Bagnasco frusta il Cavaliere (e non solo)

Bagnasco frusta il Cavaliere (e non solo)

Chiamata in causa e sollecitata a pronunciarsi, la Chiesa italiana non si tira indietro. Nella sua Prolusione autunnale alla CEI, il presidente Angelo Bagnasco le canta chiare. «I comportamenti licenziosi e le relazioni improprie sono in se stessi negativi e producono un danno sociale a prescindere dalla loro notorietà. Ammorbano l’aria e appesantiscono il cammino comune». Per questo, secondo il presidente della Cei, la questione morale «intacca la politica, ha innegabili incidenze culturali ed educative» e «contribuisce, di fatto, a propagare la cultura di un’esistenza facile e gaudente, quando questa dovrebbe lasciare il passo alla cultura della serietà e del sacrificio, fondamentale per imparare a prendere responsabilmente la vita».
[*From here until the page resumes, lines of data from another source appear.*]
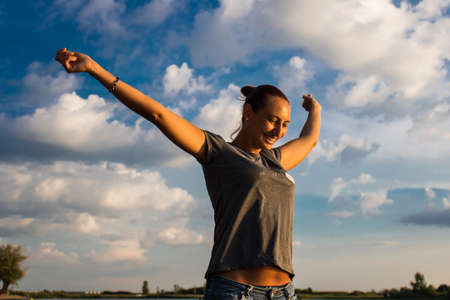 Happy woman with raised arms enjoying in her freedom against the sky.の写真素材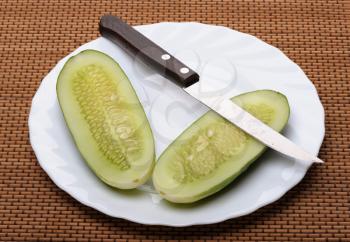 Royalty Free Photo of a Pickle Sliced in Half on a Plate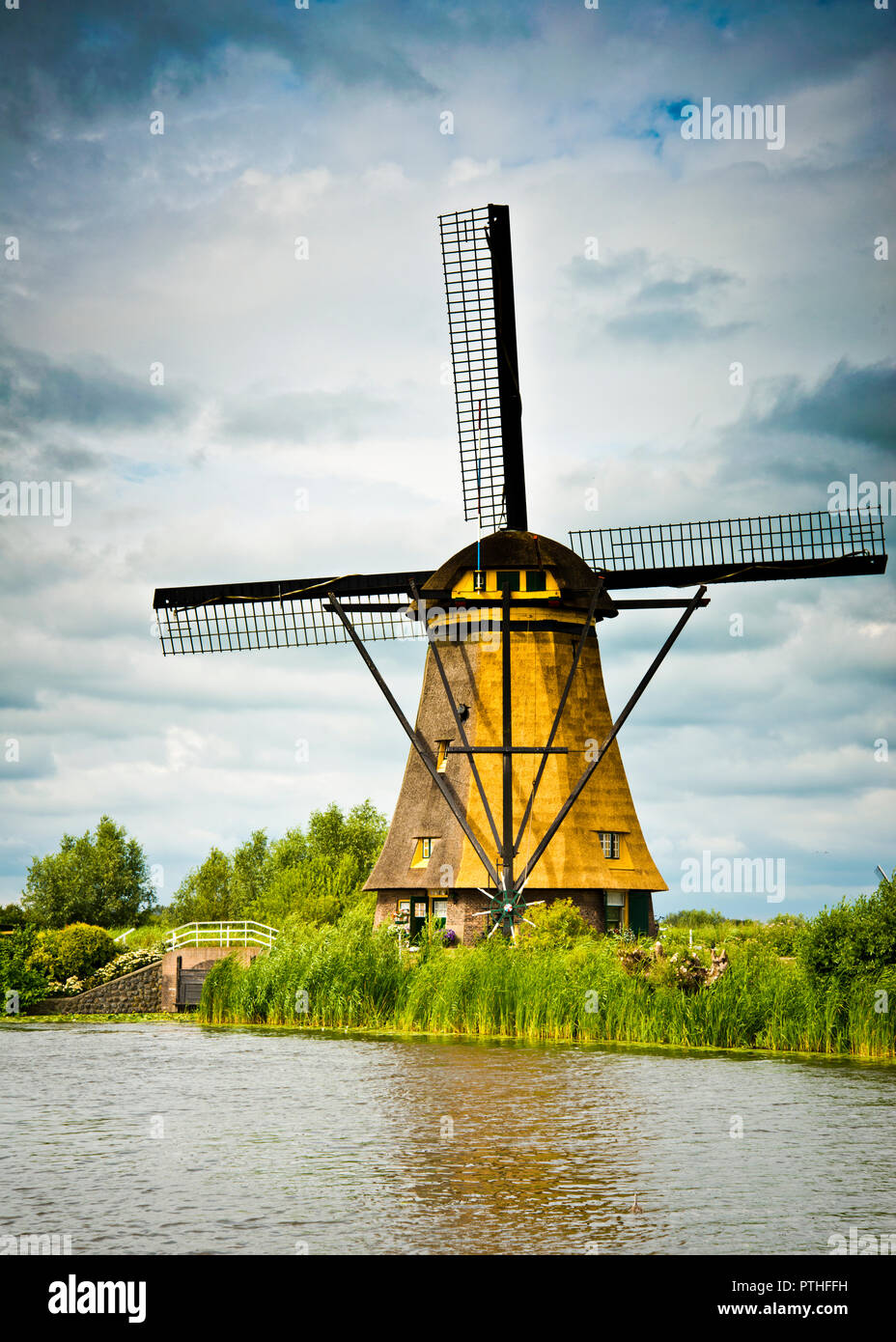 Tradizionale mulino olandese con paglia sulla riva del canale, contro un blu, graduato cielo nuvoloso, Kinderijk, Olanda, Foto Stock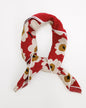 Light, breathable Downeast Essential Summer Scarf in vibrant colors, styled loosely on a model for warm-weather wear.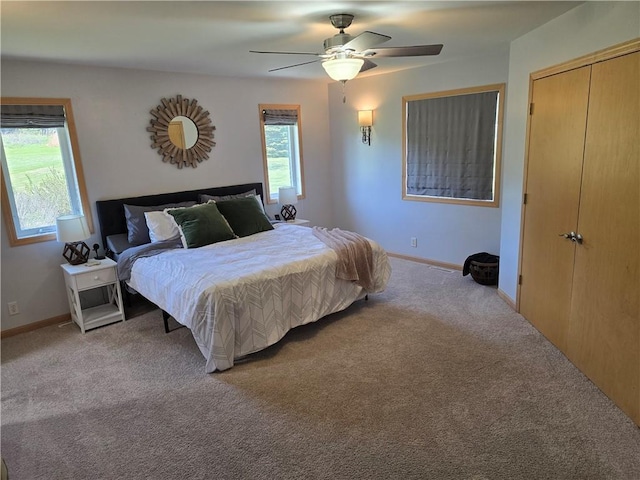 2649 W Menomonie St, Eau Claire, WI 54703 - bedroom featuring light colored carpet, ceiling fan, baseboards, and a closet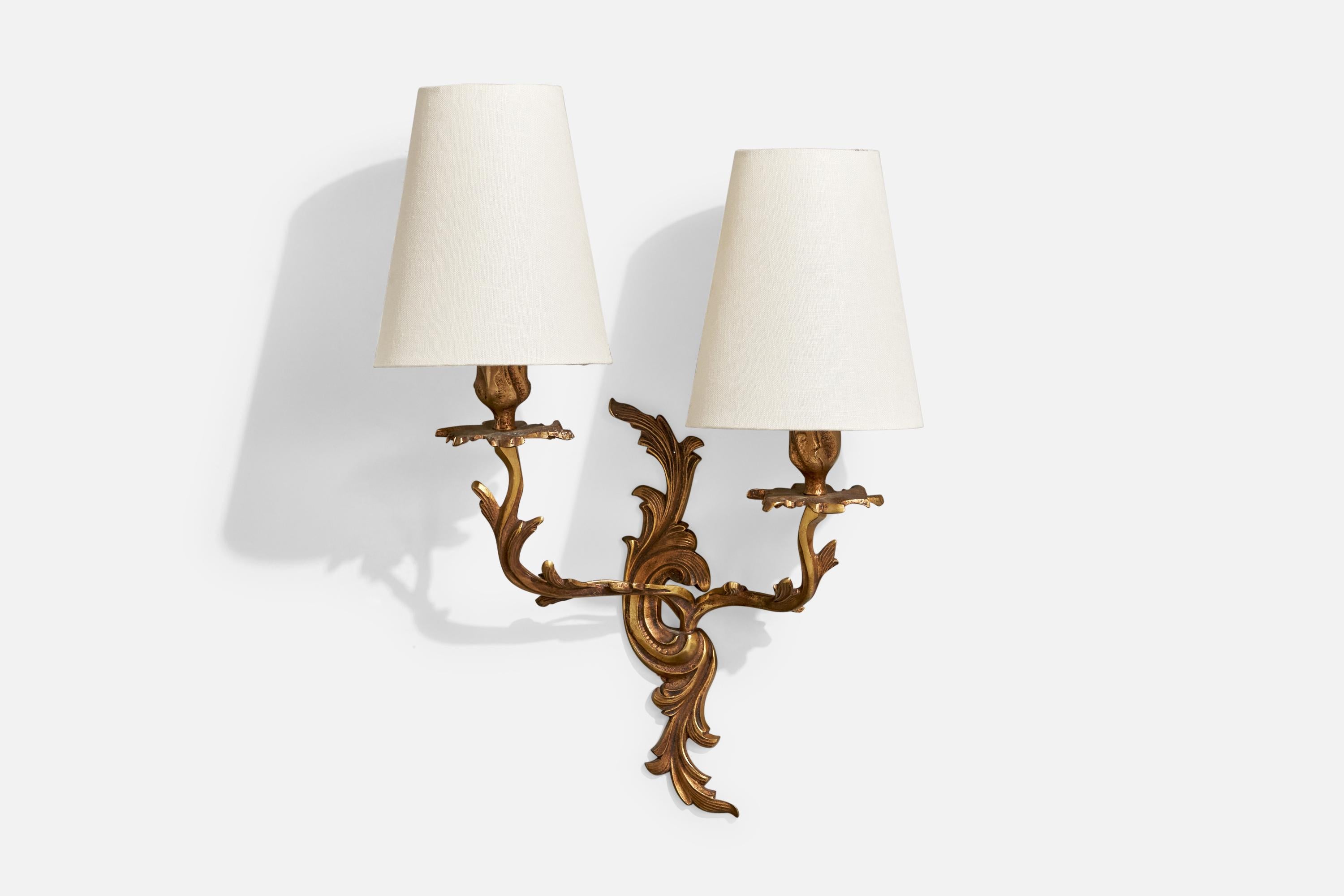 A brass and white fabric wall light designed and produced in France, c. 1940s.

Brand new lampshades.

Overall Dimensions (Inches): 17” H x 11.5” W x 6” D

Back Plate Dimensions (Inches): 9.5” H x 2“ W x .75” D

Bulb Specifications: E-12

Number of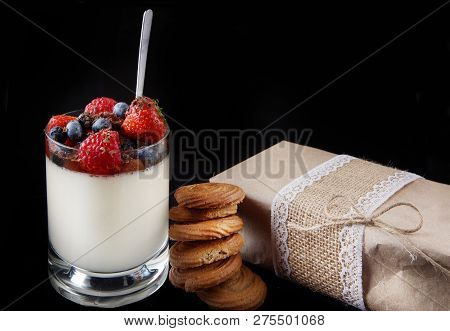 Panakota Creamy Italian Dessert In A Glass Cup With Berries, Next To A Stack Of Ginger Cookies And A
Che il bersaglio al riguardo sia il Presidente del Consiglio è del tutto evidente: ed è difficile non attribuirgli quei «comportamenti non solo contrari al pubblico decoro ma intrinsecamente tristi e vacui» che il cardinale stigmatizza. Certo, saranno soddisfatti quanti pretendevano contro il Cav. un’anatema o addirittura la.scomunica (ma quanto sono ignoranti della Chiesa certe maestrine che pontificano sui giornali…). E citando appunto le ripetute richieste di pronunciamento, Bagnasco ricorda, con un lieve puntiglio, di non aver mai taciuto. Come nelle sue Prolusioni del settembre 2009 (al tempo del torbido “caso Boffo”) e del gennaio di quest’anno quando sosteneva che «…chiunque sceglie la militanza politica, deve essere consapevole della misura e della sobrietà, della disciplina e dell’onore che comporta, come anche la nostra Costituzione ricorda»…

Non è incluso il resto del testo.